Beispiel – Angenommen, eine Agrarpolitik hat neue Subventionen für umweltfreundliche Anbaumethoden eingeführt.
- Bei einer quantitativen Bewertung könnten Daten aus landwirtschaftlichen Aufzeichnungen herangezogen werden, um zu berechnen, welche Auswirkungen diese Subventionen auf die Ernteerträge oder das Einkommen der landwirtschaftlichen Betriebe in einer Region hatten, und um die durchschnittliche Veränderung und ihre statistische Signifikanz zu ermitteln.
- Eine qualitative Bewertung würde Interviews mit Landwirten und lokalen Beamten umfassen, um zu untersuchen, warum einige Landwirte neue Praktiken schnell übernommen haben, welche Faktoren die Übernahme für andere verlangsamt haben und wie lokale Traditionen oder Gemeinschaftsnetzwerke die Ergebnisse beeinflusst haben.
Querschnitts- vs. Paneldaten
Der wesentliche Unterschied zwischen Querschnitts- und Paneldaten besteht darin, welche Vergleiche möglich sind. Querschnittsdaten liefern eine Momentaufnahme und ermöglichen Vergleiche zwischen verschiedenen Einheiten (z. B. landwirtschaftlichen Betrieben) zu einem bestimmten Zeitpunkt. Im Gegensatz dazu verfolgen Paneldaten dieselben Einheiten über mehrere Zeiträume hinweg, sodass wir Veränderungen innerhalb dieser Einheiten beobachten und die Auswirkungen von Maßnahmen oder Interventionen im Zeitverlauf besser verstehen können. Zusammen bieten diese Datentypen komplementäre Perspektiven: Querschnittsdaten zeigen Unterschiede zwischen Einheiten zu einem bestimmten Zeitpunkt auf, während Paneldaten Aufschluss darüber geben, wie sich die Ergebnisse für dieselben Einheiten entwickeln.

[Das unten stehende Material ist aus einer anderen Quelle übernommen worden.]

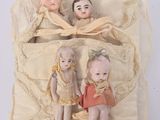 three dolls sitting in a bag on a white surface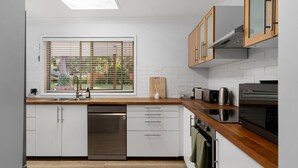Eine moderne Küche mit weißen Schränken, einem Geschirrspüler, einer Holz Arbeitsplatte, einem Fenster mit Jalousien und einem eingebauten Backofen.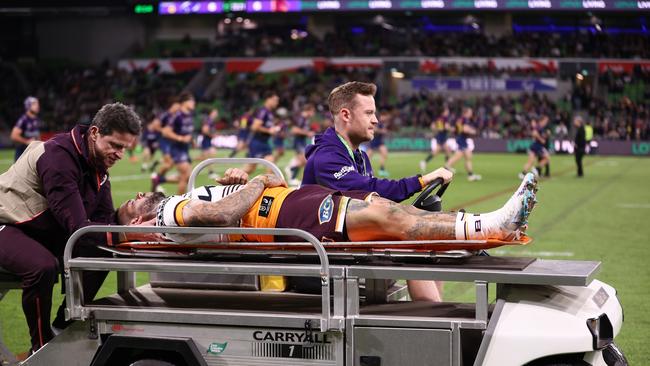 MELBOURNE, AUSTRALIA – MAY 11: Adam Reynolds of the Broncos is taken off the field on a stretcher after a head knock during the round 11 NRL match between Melbourne Storm and Brisbane Broncos at AAMI Park on May 11, 2023 in Melbourne, Australia. (Photo by Robert Cianflone/Getty Images)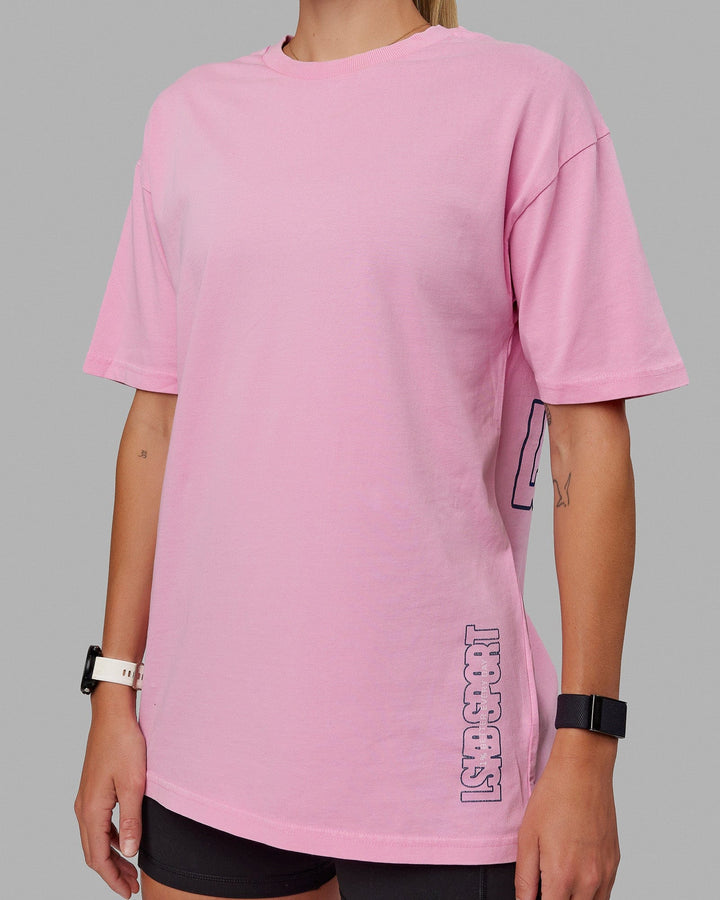 Woman wearing Unisex Washed Urban Heavyweight Tee Oversize - Pink Frosting-Galactic Blue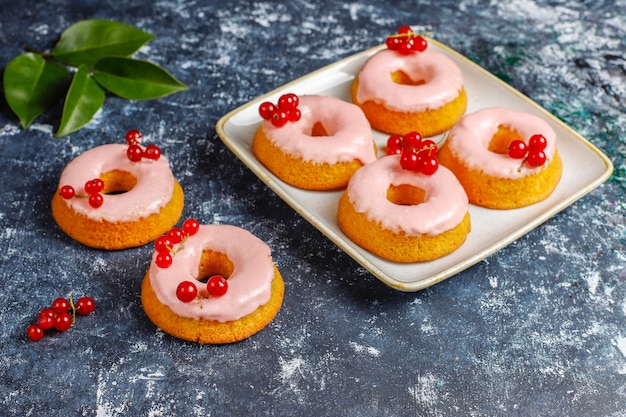 Köstliche hausgemachte Glasur Donuts mit roten Johannisbeeren.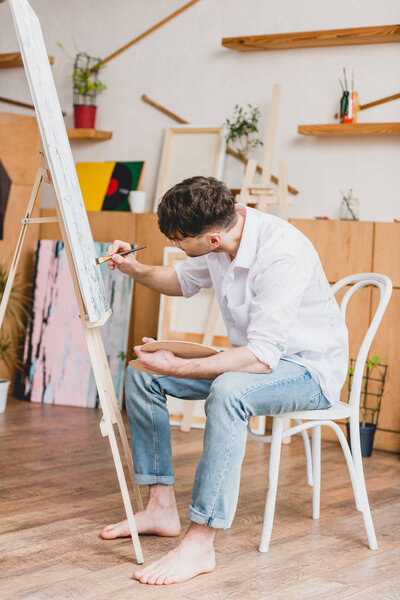 pensive artist in white shirt and blue jeans painting on canvas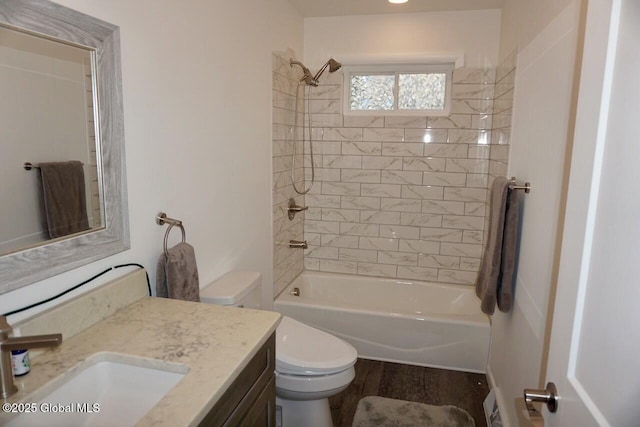full bath with wood finished floors, toilet, vanity, and bathtub / shower combination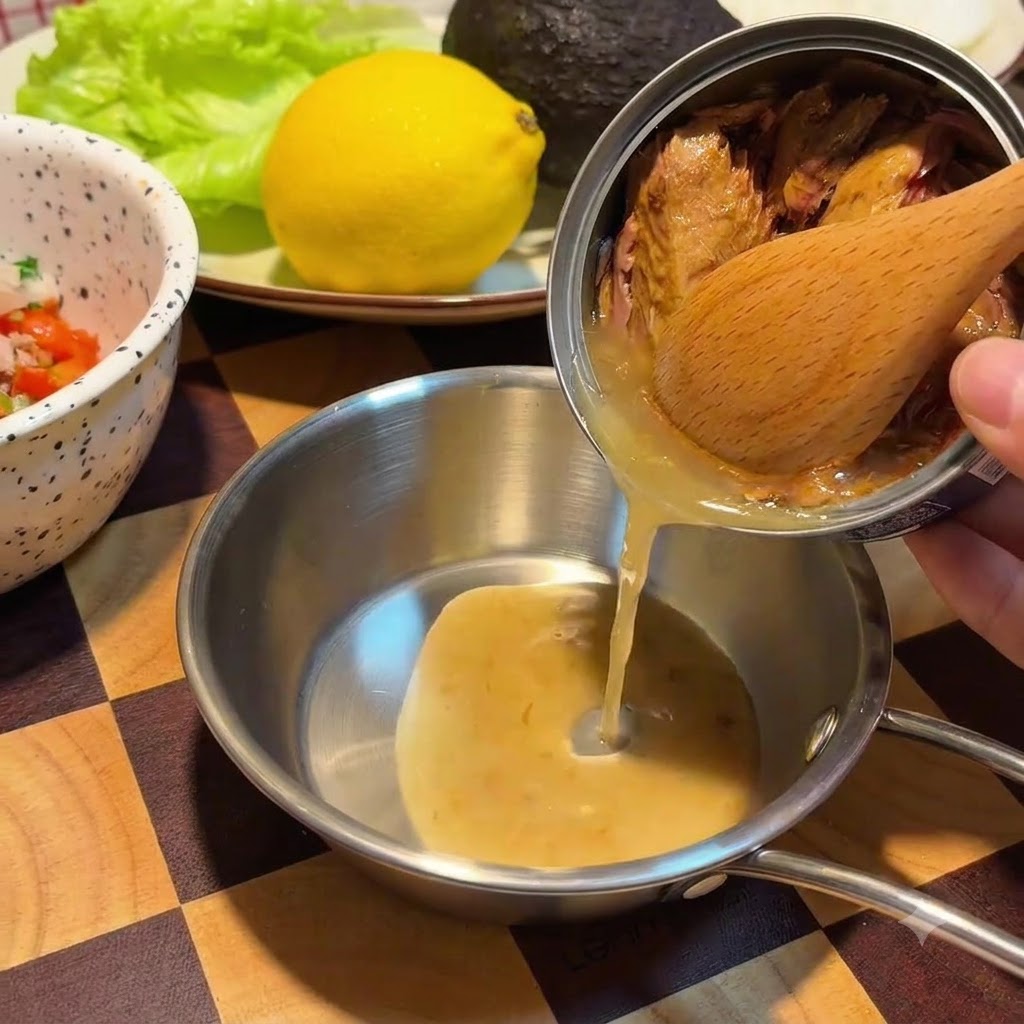 A wooden spoon holds back tuna chunks inside a metal can while golden oil pours into a small stainless steel bowl.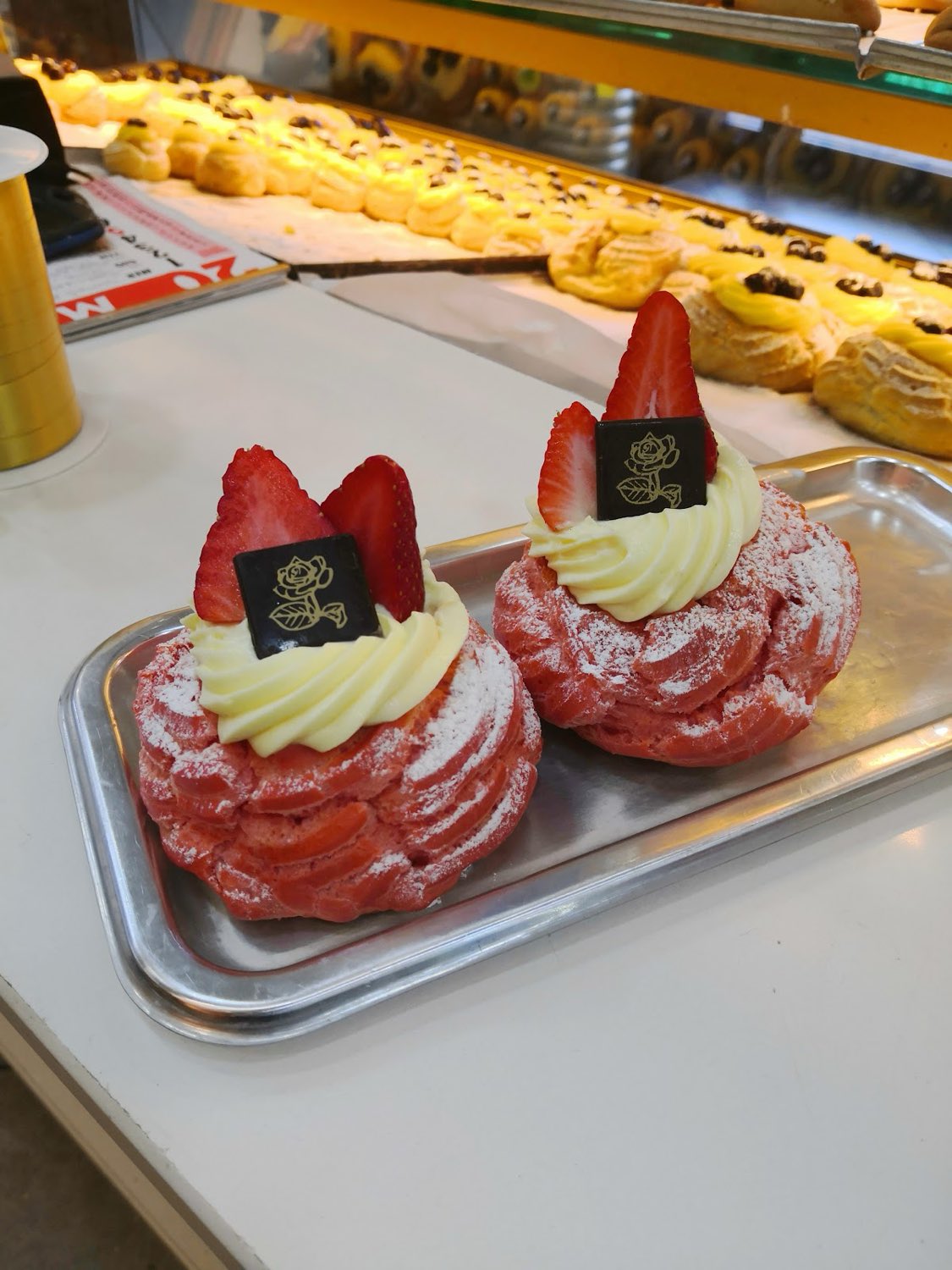 Bignè con crema montata, fragole e placchetta di cioccolato con il marchio a rosa dorata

Querschnittsdaten erfassen Informationen aus mehreren Einheiten (z. B. landwirtschaftlichen Betrieben) zu einem bestimmten Zeitpunkt. Dieser Ansatz beantwortet Fragen wie: „Wie unterscheiden sich die Teilnehmer derzeit von den Nichtteilnehmern?“ Sie helfen dabei, Muster und Unterschiede zwischen den Einheiten zu identifizieren, sind jedoch in ihrer Fähigkeit begrenzt, Kausalität herzustellen oder bereits bestehende Unterschiede zu erklären. Da sie nur eine Momentaufnahme liefern, können Querschnittsdaten nicht unterscheiden, ob beobachtete Unterschiede auf eine Politik oder auf andere Faktoren wie den Standort oder die Managementfähigkeiten zurückzuführen sind.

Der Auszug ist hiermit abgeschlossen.